Required action: Every line with the word "Thumbnail" in it should be extracted from the data that follows.

Information given:
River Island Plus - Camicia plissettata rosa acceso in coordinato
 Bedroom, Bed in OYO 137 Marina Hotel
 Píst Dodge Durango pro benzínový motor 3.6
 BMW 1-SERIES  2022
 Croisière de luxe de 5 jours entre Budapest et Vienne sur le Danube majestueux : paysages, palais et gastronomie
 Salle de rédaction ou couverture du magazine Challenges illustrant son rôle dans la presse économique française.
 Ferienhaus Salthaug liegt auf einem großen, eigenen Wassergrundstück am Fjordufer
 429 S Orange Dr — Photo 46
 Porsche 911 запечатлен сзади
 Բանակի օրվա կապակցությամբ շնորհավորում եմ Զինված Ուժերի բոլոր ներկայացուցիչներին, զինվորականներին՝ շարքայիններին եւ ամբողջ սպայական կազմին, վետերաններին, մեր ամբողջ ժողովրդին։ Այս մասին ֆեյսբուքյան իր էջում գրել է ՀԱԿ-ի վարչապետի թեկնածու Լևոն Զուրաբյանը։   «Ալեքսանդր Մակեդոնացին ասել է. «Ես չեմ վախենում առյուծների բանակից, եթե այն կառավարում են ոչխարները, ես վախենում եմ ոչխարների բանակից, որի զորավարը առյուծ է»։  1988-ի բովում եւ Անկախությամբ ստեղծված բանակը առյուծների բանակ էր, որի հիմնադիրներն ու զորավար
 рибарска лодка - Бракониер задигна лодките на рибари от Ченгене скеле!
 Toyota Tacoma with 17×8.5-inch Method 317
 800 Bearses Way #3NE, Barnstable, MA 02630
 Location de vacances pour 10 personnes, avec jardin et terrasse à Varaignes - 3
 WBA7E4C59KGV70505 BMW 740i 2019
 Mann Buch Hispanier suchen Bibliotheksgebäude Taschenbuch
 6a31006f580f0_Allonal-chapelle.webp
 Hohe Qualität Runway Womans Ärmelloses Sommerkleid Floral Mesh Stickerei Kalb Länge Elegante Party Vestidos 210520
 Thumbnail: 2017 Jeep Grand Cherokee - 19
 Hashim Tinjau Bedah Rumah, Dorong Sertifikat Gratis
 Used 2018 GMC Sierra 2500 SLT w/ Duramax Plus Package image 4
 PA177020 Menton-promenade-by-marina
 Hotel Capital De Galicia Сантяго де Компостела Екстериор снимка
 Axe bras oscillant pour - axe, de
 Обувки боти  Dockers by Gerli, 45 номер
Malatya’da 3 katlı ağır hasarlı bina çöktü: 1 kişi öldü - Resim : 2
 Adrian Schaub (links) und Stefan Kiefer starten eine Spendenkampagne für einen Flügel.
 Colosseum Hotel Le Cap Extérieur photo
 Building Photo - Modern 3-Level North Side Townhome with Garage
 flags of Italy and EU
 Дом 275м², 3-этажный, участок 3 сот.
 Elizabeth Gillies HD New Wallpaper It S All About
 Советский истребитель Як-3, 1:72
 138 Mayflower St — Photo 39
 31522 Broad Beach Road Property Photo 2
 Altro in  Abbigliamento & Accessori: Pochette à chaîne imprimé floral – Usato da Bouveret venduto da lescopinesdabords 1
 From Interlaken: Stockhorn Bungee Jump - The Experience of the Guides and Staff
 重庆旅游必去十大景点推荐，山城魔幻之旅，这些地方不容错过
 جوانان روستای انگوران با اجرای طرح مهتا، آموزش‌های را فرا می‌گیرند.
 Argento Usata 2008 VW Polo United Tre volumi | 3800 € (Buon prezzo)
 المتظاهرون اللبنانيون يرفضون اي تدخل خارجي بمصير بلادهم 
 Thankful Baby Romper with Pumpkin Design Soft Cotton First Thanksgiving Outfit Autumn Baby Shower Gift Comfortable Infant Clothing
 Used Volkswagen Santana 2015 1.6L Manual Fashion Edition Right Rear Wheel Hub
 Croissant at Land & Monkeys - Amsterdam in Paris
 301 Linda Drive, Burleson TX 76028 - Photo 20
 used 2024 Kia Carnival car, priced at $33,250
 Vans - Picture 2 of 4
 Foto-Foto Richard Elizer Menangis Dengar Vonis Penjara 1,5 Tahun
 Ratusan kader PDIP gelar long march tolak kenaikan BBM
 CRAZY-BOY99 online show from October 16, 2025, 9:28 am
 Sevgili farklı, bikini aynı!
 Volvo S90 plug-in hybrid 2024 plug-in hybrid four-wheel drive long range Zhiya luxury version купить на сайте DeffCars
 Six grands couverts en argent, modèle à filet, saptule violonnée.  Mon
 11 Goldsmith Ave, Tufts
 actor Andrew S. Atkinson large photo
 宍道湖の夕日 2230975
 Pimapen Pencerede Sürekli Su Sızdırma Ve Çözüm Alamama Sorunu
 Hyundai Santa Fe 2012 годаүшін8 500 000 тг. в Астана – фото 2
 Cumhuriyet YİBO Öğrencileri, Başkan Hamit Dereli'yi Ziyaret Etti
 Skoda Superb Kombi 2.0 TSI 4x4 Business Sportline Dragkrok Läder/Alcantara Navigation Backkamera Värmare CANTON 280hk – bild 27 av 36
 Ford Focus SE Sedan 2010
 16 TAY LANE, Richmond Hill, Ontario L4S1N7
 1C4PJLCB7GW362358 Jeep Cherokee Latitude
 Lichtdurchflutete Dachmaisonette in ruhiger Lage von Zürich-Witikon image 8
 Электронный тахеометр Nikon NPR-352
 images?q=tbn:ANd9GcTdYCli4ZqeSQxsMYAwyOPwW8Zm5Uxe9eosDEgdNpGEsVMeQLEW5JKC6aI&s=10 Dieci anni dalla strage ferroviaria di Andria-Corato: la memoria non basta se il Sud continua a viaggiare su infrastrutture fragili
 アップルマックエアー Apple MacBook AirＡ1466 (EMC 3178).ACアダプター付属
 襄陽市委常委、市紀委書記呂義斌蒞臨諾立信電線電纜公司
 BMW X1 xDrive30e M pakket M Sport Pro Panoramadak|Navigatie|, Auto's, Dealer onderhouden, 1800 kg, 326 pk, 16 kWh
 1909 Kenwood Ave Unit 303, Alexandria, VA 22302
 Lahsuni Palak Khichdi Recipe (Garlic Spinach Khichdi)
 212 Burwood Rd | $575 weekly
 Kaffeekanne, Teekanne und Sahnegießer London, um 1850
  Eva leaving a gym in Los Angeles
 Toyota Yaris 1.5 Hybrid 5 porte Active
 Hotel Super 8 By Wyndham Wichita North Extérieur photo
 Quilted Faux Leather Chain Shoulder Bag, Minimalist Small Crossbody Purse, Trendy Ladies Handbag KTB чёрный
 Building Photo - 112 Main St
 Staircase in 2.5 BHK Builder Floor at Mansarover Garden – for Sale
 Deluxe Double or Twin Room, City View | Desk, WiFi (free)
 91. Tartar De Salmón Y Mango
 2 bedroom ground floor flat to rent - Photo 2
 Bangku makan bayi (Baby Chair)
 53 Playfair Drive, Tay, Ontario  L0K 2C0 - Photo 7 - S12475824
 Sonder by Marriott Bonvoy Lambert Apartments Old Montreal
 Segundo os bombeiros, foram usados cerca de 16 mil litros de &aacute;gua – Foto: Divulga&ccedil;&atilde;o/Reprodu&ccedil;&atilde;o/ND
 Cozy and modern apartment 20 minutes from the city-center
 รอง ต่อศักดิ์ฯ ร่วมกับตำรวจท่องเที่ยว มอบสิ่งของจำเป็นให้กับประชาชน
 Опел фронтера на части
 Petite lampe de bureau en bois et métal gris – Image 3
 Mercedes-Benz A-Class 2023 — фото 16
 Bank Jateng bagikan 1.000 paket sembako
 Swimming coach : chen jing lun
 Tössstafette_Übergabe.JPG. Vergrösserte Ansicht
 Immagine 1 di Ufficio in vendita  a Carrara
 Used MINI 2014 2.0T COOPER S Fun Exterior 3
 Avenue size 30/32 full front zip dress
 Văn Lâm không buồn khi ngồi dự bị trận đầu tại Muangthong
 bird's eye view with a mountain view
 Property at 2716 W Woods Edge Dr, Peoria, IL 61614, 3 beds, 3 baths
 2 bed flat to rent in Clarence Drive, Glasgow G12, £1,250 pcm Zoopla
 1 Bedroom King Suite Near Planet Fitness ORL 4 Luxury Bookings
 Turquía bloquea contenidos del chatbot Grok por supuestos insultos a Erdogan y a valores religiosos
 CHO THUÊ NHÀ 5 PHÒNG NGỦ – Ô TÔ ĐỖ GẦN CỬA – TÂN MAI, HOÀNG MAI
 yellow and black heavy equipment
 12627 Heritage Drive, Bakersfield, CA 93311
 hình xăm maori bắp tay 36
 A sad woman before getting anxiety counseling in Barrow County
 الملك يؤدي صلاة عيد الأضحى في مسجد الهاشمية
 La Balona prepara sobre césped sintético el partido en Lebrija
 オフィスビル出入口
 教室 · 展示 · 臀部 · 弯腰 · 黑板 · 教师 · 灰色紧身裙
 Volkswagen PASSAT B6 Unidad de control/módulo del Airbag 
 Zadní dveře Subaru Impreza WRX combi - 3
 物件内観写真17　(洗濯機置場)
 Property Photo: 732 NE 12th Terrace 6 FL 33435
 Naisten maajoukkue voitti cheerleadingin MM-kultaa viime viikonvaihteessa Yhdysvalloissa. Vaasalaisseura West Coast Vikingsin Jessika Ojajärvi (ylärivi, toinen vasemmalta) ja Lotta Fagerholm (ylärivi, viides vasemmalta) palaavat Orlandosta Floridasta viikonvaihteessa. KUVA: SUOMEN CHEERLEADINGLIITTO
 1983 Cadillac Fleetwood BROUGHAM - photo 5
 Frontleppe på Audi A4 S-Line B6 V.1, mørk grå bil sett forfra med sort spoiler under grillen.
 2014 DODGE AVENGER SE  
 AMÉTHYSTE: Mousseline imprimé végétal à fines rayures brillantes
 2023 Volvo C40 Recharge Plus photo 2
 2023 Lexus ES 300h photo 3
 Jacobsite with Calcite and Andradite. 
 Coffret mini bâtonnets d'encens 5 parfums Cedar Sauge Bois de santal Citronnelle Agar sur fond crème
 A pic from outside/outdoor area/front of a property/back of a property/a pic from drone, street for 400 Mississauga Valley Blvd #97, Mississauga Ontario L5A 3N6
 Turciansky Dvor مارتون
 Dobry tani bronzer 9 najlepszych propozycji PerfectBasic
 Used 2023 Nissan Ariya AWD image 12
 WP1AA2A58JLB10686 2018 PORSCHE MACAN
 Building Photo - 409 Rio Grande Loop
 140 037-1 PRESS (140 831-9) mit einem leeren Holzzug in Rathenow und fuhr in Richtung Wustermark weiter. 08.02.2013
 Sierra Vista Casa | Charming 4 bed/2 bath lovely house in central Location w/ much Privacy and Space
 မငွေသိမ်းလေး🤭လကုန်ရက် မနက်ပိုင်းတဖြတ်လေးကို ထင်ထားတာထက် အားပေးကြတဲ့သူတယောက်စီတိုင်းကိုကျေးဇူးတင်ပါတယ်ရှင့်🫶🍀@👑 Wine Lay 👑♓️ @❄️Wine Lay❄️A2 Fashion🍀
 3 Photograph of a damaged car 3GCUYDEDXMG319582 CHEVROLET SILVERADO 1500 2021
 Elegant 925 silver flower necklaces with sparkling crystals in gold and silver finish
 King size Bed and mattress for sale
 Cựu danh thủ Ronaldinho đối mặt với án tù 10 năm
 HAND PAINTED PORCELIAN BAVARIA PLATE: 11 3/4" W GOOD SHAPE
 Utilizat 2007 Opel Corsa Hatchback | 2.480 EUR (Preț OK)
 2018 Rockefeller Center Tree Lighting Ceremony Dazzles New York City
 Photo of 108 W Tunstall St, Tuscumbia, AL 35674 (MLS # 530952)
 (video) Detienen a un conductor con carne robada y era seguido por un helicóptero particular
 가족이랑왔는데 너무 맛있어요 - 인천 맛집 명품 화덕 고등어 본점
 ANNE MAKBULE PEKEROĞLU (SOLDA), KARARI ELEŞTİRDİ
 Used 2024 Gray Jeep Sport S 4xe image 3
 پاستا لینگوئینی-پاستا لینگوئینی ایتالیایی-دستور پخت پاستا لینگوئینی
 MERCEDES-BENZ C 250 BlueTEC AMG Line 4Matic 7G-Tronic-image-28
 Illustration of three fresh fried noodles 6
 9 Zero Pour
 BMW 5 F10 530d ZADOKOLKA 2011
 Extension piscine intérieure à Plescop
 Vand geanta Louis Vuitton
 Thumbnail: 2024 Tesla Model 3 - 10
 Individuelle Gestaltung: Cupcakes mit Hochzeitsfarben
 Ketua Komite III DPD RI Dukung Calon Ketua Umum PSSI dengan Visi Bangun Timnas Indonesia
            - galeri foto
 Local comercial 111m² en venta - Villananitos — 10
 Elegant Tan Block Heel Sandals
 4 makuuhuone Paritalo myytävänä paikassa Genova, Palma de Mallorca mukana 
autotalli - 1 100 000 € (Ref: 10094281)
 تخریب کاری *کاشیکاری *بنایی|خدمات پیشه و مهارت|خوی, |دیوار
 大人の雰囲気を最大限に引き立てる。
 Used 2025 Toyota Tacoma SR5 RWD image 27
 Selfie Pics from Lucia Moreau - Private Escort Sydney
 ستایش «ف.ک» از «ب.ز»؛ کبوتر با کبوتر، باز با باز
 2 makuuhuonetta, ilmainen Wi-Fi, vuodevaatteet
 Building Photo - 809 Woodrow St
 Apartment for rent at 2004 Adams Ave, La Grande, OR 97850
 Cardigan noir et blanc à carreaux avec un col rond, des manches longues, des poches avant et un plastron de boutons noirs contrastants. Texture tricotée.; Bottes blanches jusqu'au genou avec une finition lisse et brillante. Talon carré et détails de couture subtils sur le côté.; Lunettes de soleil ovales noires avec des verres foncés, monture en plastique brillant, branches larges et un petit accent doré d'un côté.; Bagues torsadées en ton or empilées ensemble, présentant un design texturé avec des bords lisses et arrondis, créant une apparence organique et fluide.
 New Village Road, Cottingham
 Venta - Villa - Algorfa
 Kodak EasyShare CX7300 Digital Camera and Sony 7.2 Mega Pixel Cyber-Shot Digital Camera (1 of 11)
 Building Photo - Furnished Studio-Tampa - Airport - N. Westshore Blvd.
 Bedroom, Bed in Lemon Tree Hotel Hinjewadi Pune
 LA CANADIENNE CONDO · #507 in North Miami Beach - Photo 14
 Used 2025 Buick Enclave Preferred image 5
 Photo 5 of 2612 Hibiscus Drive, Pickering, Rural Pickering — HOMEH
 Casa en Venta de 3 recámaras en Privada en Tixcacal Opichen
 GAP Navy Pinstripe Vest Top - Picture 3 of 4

Answer area:
 Thumbnail: 2017 Jeep Grand Cherokee - 19
 Thumbnail: 2024 Tesla Model 3 - 10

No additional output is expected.